I haven't tried to reproduce your results yet, but my first guess is that get
simply returns the value (if any) that was found, while containsKey
(which is what you tested, not contains
) needs to test whether the key exists (with either a null or non-null value) and then return a boolean. Just a little more overhead involved.

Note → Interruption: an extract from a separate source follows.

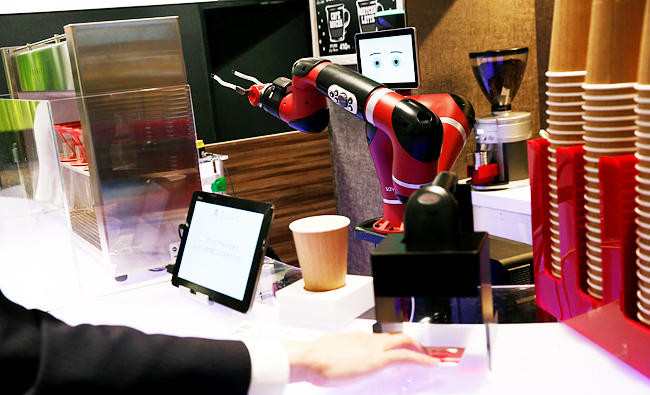 Robot makes coffee at new cafe in Japan’s capital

Let's see the source code:
public V get(Object key) {
if (key == null)
return getForNullKey();
int hash = hash(key.hashCode());
for (Entry<K,V> e = table[indexFor(hash, table.length)];
e != null;
e = e.next) {
Object k;
if (e.hash == hash && ((k = e.key) == key || key.equals(k)))
return e.value;
}
return null;
}
public boolean containsKey(Object key) {
return getEntry(key) != null;
}
final Entry<K,V> getEntry(Object key) {
int hash = (key == null) ? 0 : hash(key.hashCode());
for (Entry<K,V> e = table[indexFor(hash, table.length)];
e != null;
e = e.next) {
Object k;
if (e.hash == hash &&
((k = e.key) == key || (key != null && key.equals(k))))
return e;
}
return null;
}
Maybe it's because of the extra method call or because of the repeated check for key != null
?
Testing different sizes of hashmaps, if there is a bias in performance, its very small.
Running on Java 7 update 1 with a 4.6 GHz i7 2600K.

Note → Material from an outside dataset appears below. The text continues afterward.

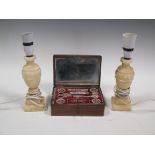 A pair of onyx table lamps and an inlaid lady's sewing box, part fitted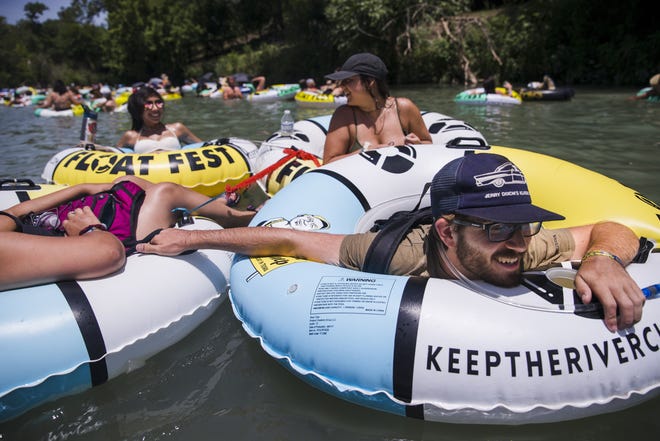 Aaron Dixon, 23, pulls his group along while floating down the San Marcos River during Float Fest on July 22, 2018. Guadalupe County commissioners denied festival organizers a permit to host the event this year. [AMANDA VOISARD/AMERICAN-STATESMAN]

public class HashMapPerfMain {
public static void main(String... args) {
Integer[] keys = generateKeys(2 * 1000 * 1000);
Map<Integer, Boolean> map = new HashMap<Integer, Boolean>();
for (int j = 0; j < keys.length; j += 2)
map.put(keys[j], true);
for (int t = 0; t < 5; t++) {
long start = System.nanoTime();
int count = countContainsKey(map, keys);
long time = System.nanoTime() - start;
assert count == keys.length / 2;
long start2 = System.nanoTime();
int count2 = countGetIsNull(map, keys);
long time2 = System.nanoTime() - start2;
assert count2 == keys.length / 2;
System.out.printf("Map.containsKey avg %.1f ns, ", (double) time / keys.length);
System.out.printf("Map.get() == null avg %.1f ns, ", (double) time2 / keys.length);
System.out.printf("Ratio was %.2f%n", (double) time2/ time);
}
}
private static int countContainsKey(Map<Integer, Boolean> map, Integer[] keys) {
int count = 0;
for (Integer i : keys) {
if (map.containsKey(i)) count++;
}
return count;
}
private static int countGetIsNull(Map<Integer, Boolean> map, Integer[] keys) {
int count = 0;
for (Integer i : keys) {
if (map.get(i) == null) count++;
}
return count;
}
private static Integer[] generateKeys(int size) {
Integer[] keys = new Integer[size];
Random random = new Random();
for (int i = 0; i < keys.length; i++)
keys[i] = random.nextInt();
return keys;
}
}
prints for half million keys
Map.containsKey avg 27.1 ns, Map.get() == null avg 26.4 ns, Ratio was 0.97
Map.containsKey avg 19.6 ns, Map.get() == null avg 19.6 ns, Ratio was 1.00
Map.containsKey avg 18.3 ns, Map.get() == null avg 19.0 ns, Ratio was 1.04
Map.containsKey avg 18.2 ns, Map.get() == null avg 19.1 ns, Ratio was 1.05
Map.containsKey avg 18.3 ns, Map.get() == null avg 19.0 ns, Ratio was 1.04
prints for one million keys
Map.containsKey avg 30.9 ns, Map.get() == null avg 30.9 ns, Ratio was 1.00
Map.containsKey avg 26.0 ns, Map.get() == null avg 25.5 ns, Ratio was 0.98
Map.containsKey avg 25.0 ns, Map.get() == null avg 24.9 ns, Ratio was 1.00
Map.containsKey avg 25.0 ns, Map.get() == null avg 24.9 ns, Ratio was 1.00
Map.containsKey avg 24.8 ns, Map.get() == null avg 25.0 ns, Ratio was 1.01
however for two million keys
Map.containsKey avg 36.5 ns, Map.get() == null avg 36.7 ns, Ratio was 1.00
Map.containsKey avg 34.3 ns, Map.get() == null avg 35.1 ns, Ratio was 1.02
Map.containsKey avg 36.7 ns, Map.get() == null avg 35.1 ns, Ratio was 0.96
Map.containsKey avg 36.3 ns, Map.get() == null avg 35.1 ns, Ratio was 0.97
Map.containsKey avg 36.7 ns, Map.get() == null avg 35.2 ns, Ratio was 0.96
for five million keys
Map.containsKey avg 40.1 ns, Map.get() == null avg 40.9 ns, Ratio was 1.02
Map.containsKey avg 38.6 ns, Map.get() == null avg 40.4 ns, Ratio was 1.04
Map.containsKey avg 39.3 ns, Map.get() == null avg 38.3 ns, Ratio was 0.97
Map.containsKey avg 39.3 ns, Map.get() == null avg 38.3 ns, Ratio was 0.98
Map.containsKey avg 39.3 ns, Map.get() == null avg 38.8 ns, Ratio was 0.99
BTW: The time complexity for get() and containsKey is O(1) (on an idealized machine), but you can see that for a real machine, the cost increases with the size of the Map.